The data section start

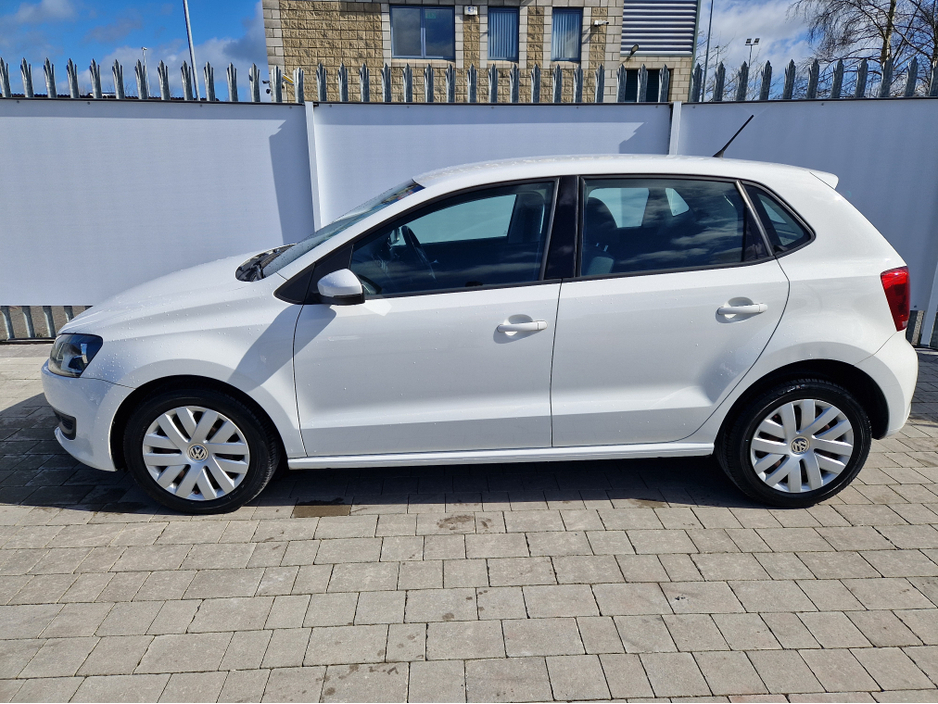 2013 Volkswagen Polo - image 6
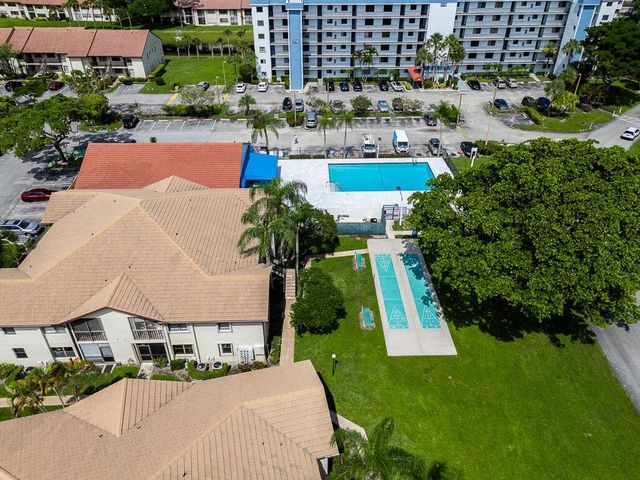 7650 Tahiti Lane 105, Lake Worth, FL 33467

The data section end
The data section start

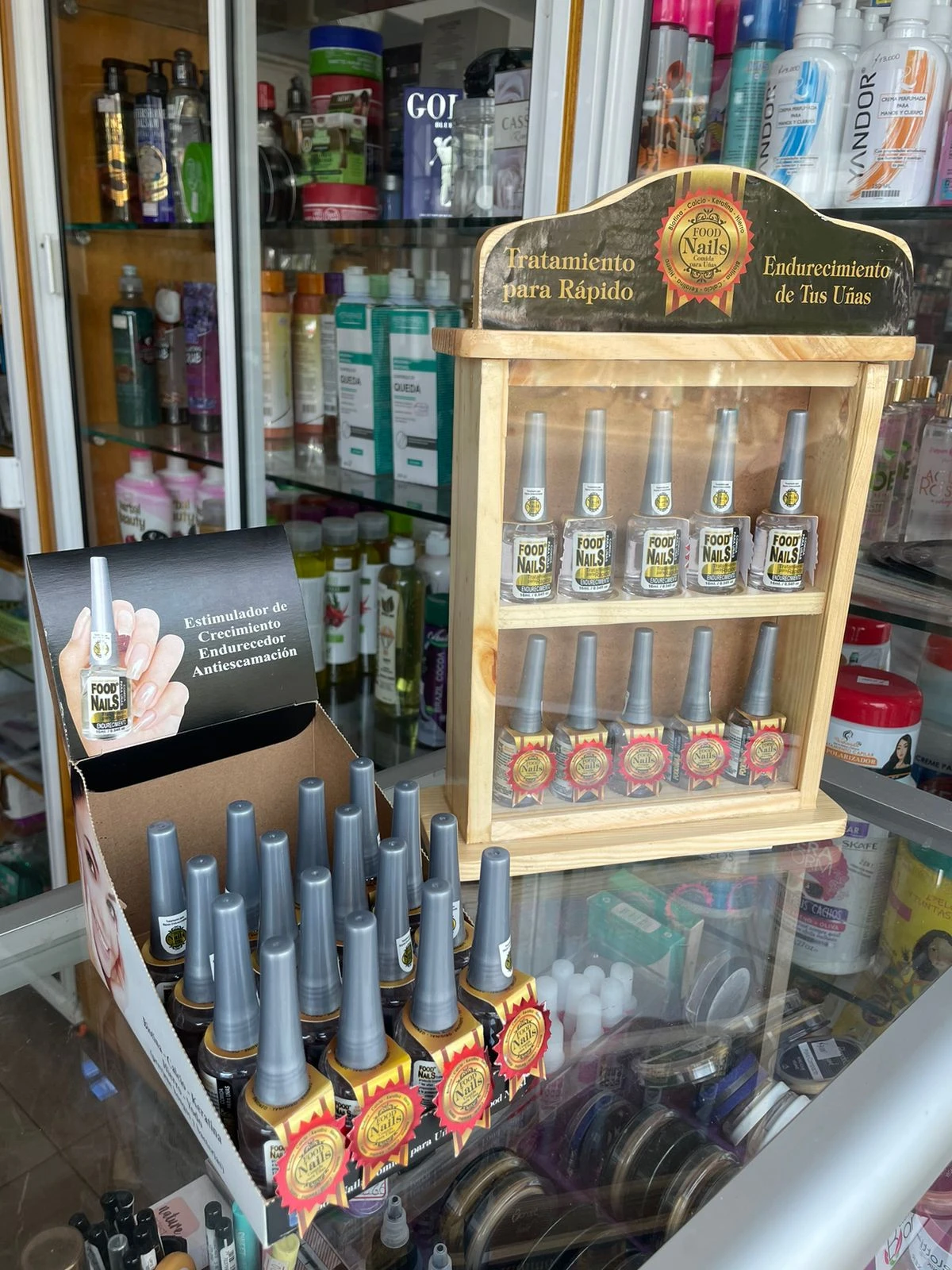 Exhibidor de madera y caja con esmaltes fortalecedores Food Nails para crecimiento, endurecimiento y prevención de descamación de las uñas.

The data section end
The data section start

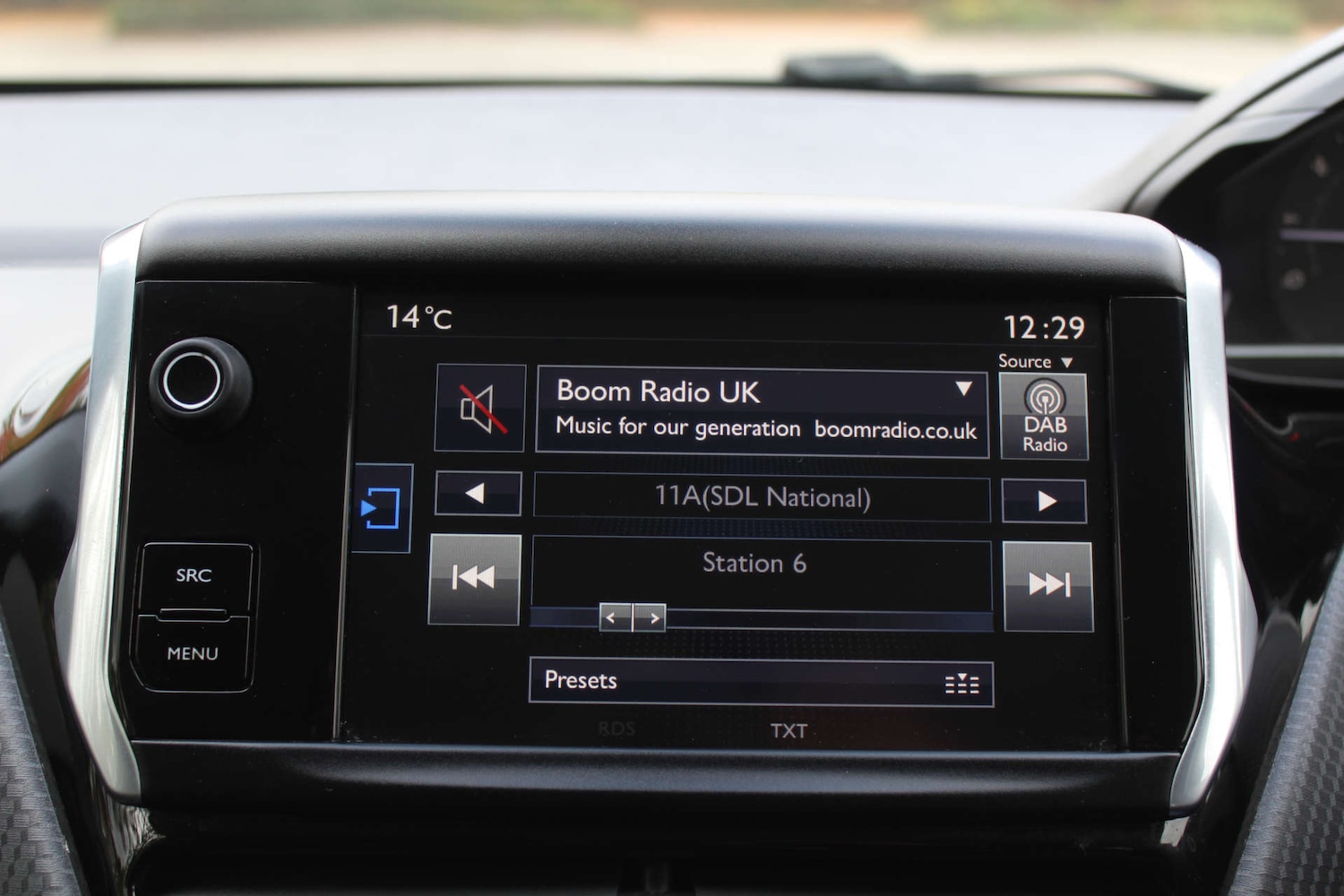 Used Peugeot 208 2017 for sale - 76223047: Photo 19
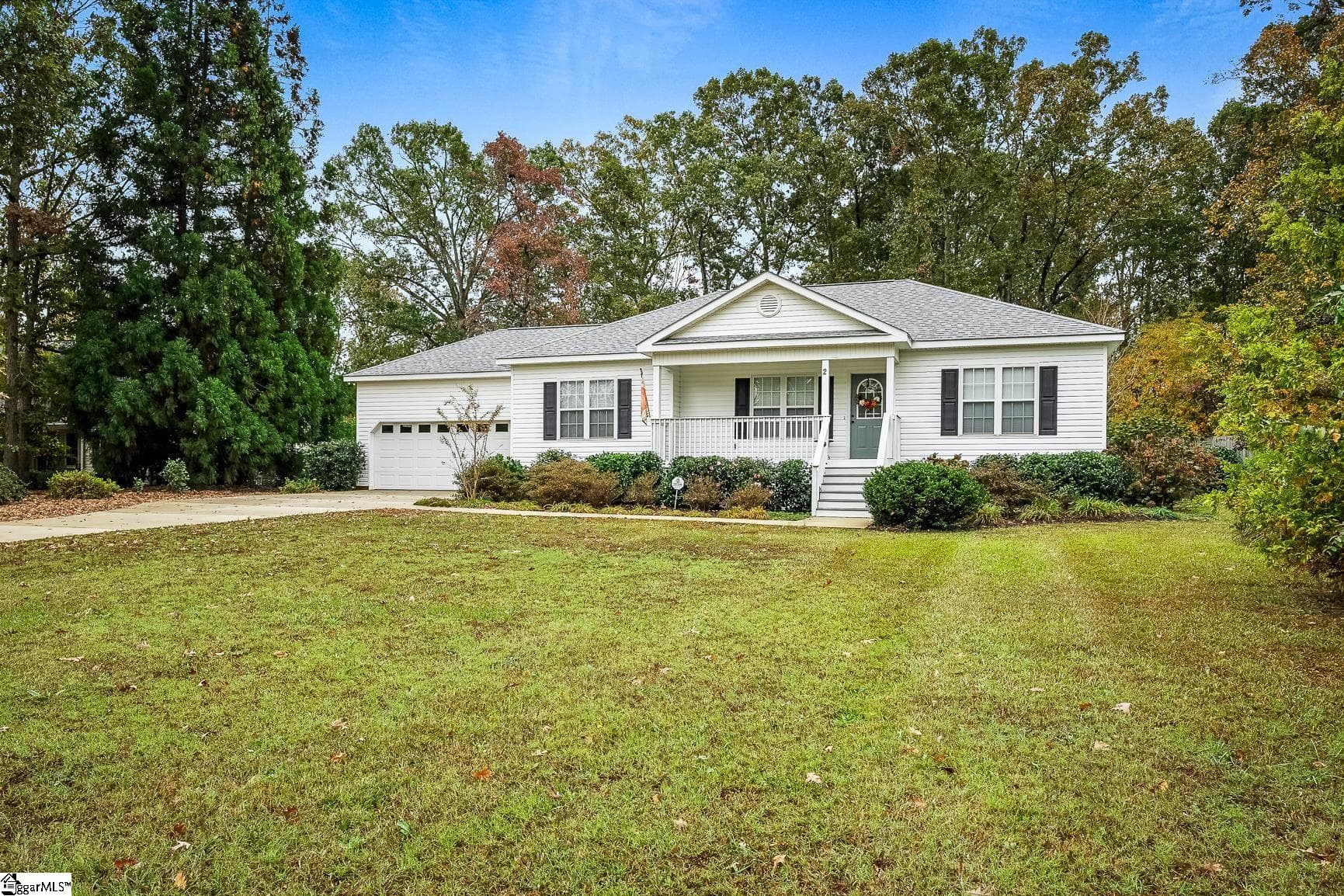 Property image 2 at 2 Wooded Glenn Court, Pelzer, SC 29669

The data section end

Exercise goal -
From the line with "Used Peugeot 208" up to and including the line with "Property image 2" above, retype every line exactly and nothing more; leave out the pictures.

Solved exercise -
 Used Peugeot 208 2017 for sale - 76223047: Photo 19
 Property image 2 at 2 Wooded Glenn Court, Pelzer, SC 29669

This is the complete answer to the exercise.